Operando como startups, fintechs e bancos digitais priorizam a aquisição de usuários e otimização dos produtos oferecidos. A ideia é se mover rápido e conquistar a maior fatia de mercado possível; isto feito, o lucro chegará. Em teoria.
Mas a empresa tem custos. Se não há lucro, de onde vem essa grana? De investimento externo, basicamente. Startups recebem dinheiro de fundos de venture capital, que esperam, lá na frente, colher os bons frutos do crescimento da startup. Prejuízos são esperados, mas, enquanto houver otimismo, pode-se esperar que novas rodadas de investimento segurarão as pontas.
Os problemas começam quando o otimismo é abalado. E o atual momento econômico leva os fundos de venture capital a repensar suas prioridades. Quando a inflação corre solta e os juros aumentam, colocar dinheiro numa empresa com potencial de ser lucrativa em algum momento futuro pode não ser a melhor das ideias.
Startups no mundo todo estão lidando com esse problema. As fontes de investimento estão fluindo menos do que antes. Medidas precisam ser tomadas, portanto, para lidar com os inevitáveis prejuízos. Daí as diversas notícias sobre demissões em massa realizadas por unicórnios ao longo do ano. Com menos acesso à capital, estas empresas – algumas avaliadas em bilhões de dólares – fazem o necessário para se segurar.
Nesse contexto, a situação para o lado das fintechs fica para lá de complicada, já que elas estão entre as startups que mais recebem aportes. Assim, torna-se necessário fazer ajustes para continuar operando. Entre eles, cortar alguns dos benefícios que antes atraíam tanto os usuários.
Recentemente, o C6 anunciou que sua tag de pedágio e estacionamento, antes gratuita, passará a ser paga. Já alguns usuários do cartão Black do Banco Inter não poderão mais utilizar salas VIP ilimitadamente. O Nubank, que estreou na Bolsa de Nova York o ano passado, mudou as regras da Nuconta; se antes o rendimento era diário, com 100% do CDI, agora é necessário aguardar 30 dias.
Os motivos são óbvios: os custos não param de subir, e estes benefícios consomem caixa. Além disso, a piora no quadro econômica provoca um aumento na inadimplência. Ou seja: fintechs recebem menos dos fundos de investimento e de seus próprios clientes. Assim, algumas das vantagens antes oferecidas precisam ser eliminadas.

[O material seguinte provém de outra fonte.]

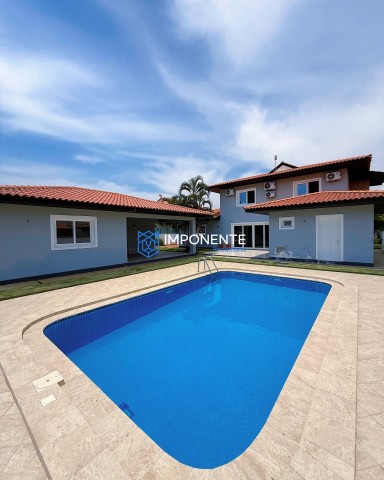 A Venda Luxuosa vivenda V4, com anexo e piscina, no Condomínio Atlântico Sul, Talatona.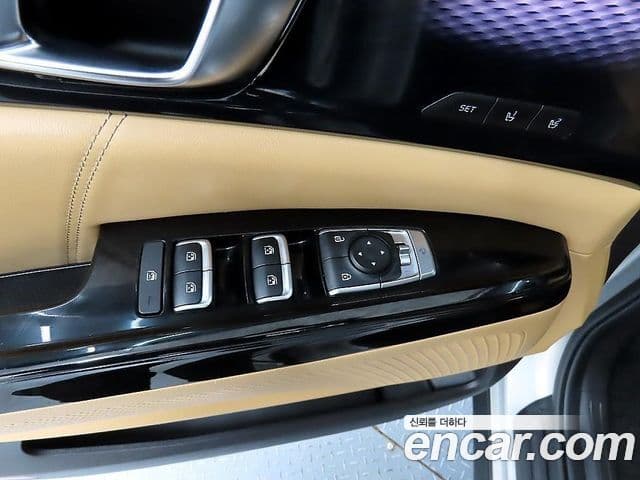 Kia Carnival 2020 — ფოტო 11/20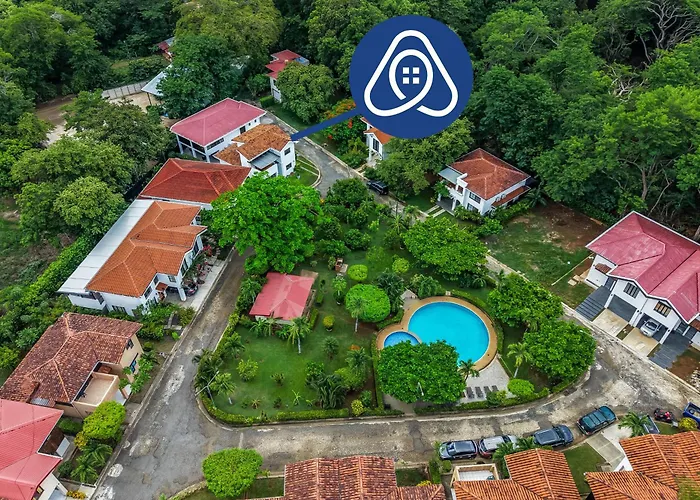 Villa Casa Vacacional En Playa Hermosa *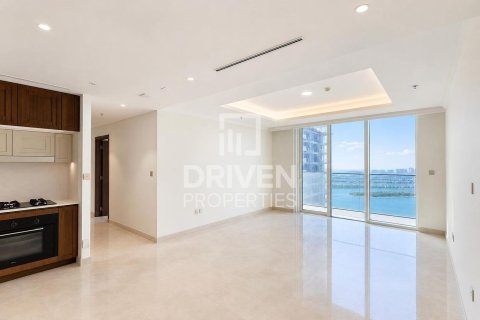 Квартира с 3 спальнями в EMAAR Beachfront, ОАЭ №209843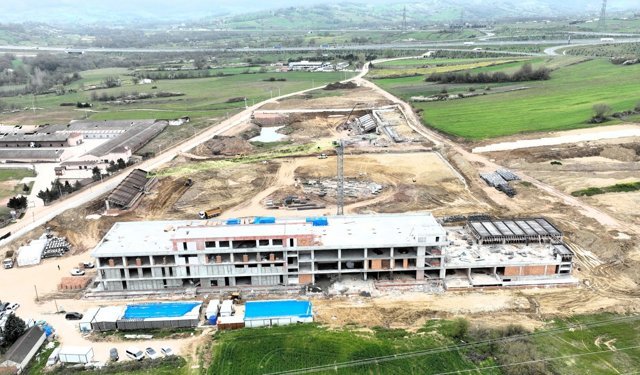 Körfez’de Dev Spor Tesisi Yükseliyor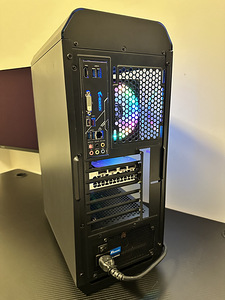 Mänguriarvuti l Ryzen 7 3700X l RTX 2060 Super l DDR4 l SSD (5 foto / 5)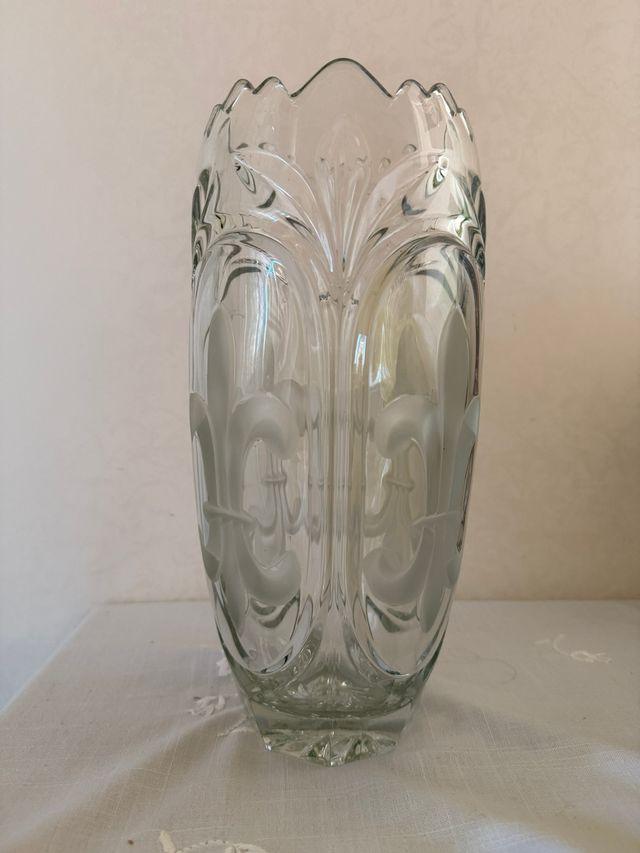 Vaso in vetro trasparente decorato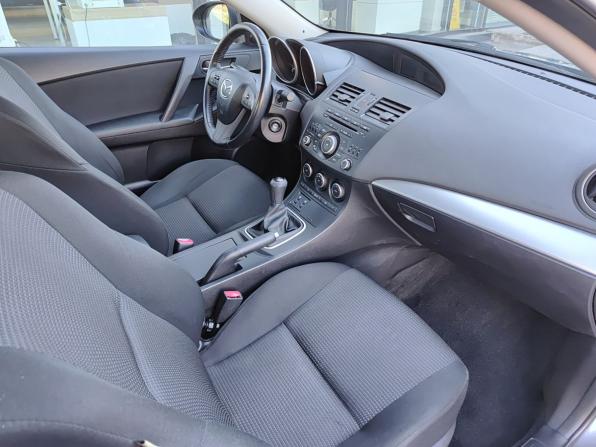Mazda 3 II (BL) Рестайлинг с пробегом 2012 года, цена 949 000 рублей, 126798 км, седан, Автокод Объявления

Vale apontar que o Brasil conta com mais de mil fintechs. Após o boom de empolgação nos últimos anos, podemos estar chegando num momento de consolidação, em que apenas os mais aptos ficam de pé. E isso provavelmente significará aqueles que tiverem mais racionalidades na hora de oferecer seus serviços, lembrando que não se pode agir como startup para sempre.
A alta na inflação e nos juros e a desaceleração nos investimentos trazem incômodo às fintechs, assim como elas próprias, num passado próximo, trouxeram aos bancões. Nesse sentido, as fintechs estão testemunhando alguns dos problemas comuns aos bancões.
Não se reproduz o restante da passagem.